2008-12-24 Thread Don Armstrong
On Tue, 23 Dec 2008, Steve Langasek wrote:
 Having two sets of images doesn't make sense to me; the CD team have
 already posted publically this cycle about the infrastructure
 challenges involved with publishing those images that they already
 have to accomodate, doubling the image count doesn't sound feasible,
 IMHO.

I don't see the need for multiple CD sets.[1]

All that should be needed is a single first CD (netinst or similar
small image?) and hdimage (and floppies?) with all of the non-free
firmware we can legally distribute present.[2] After the initial
installation, users can then use the normal CDs and or DVDs to add
additional software. Presumably the non-free firmware CD would also
contain the packages and archive structure necessary for normal
installation of the non-free firmware containing packages.
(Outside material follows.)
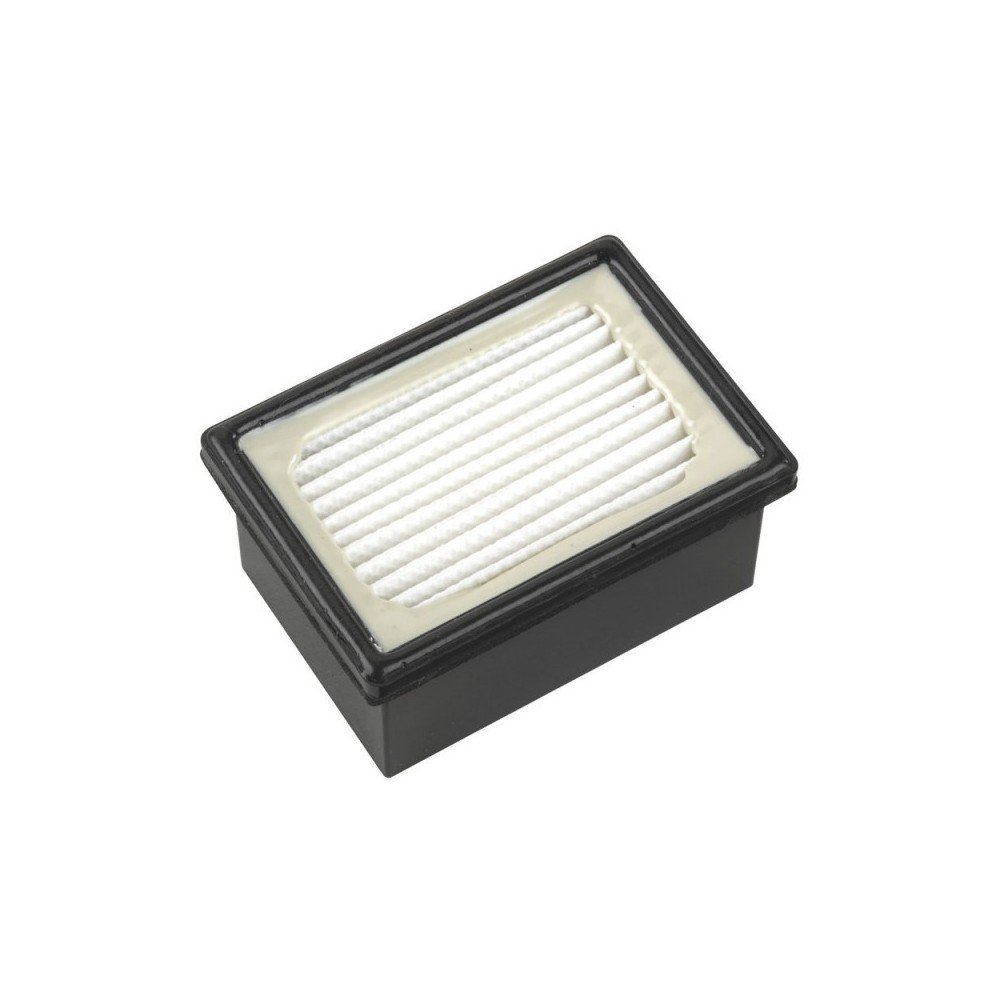 Filtras perforatoriaus dulkių siurbliui MILWAUKEE CPDEX/CDEX-Priedai dulkių siurbliams-Dulkių siurbliai-Milwaukee Accessories-ir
I'd think
that an extra 600Mx3 (or however many architectures need non-free
firmware) wouldn't be a huge deal for our cdimage mirrors.

Ideally, such a CD would be marked as unofficial or similar to
indicate that it contains non-free firmware, but it could be linked
and distributed as normal.


Don Armstrong

1: -vote really is the wrong list to discuss this on; Cc'ing debian-cd
so knowledgeable people there can tell me I'm on crack.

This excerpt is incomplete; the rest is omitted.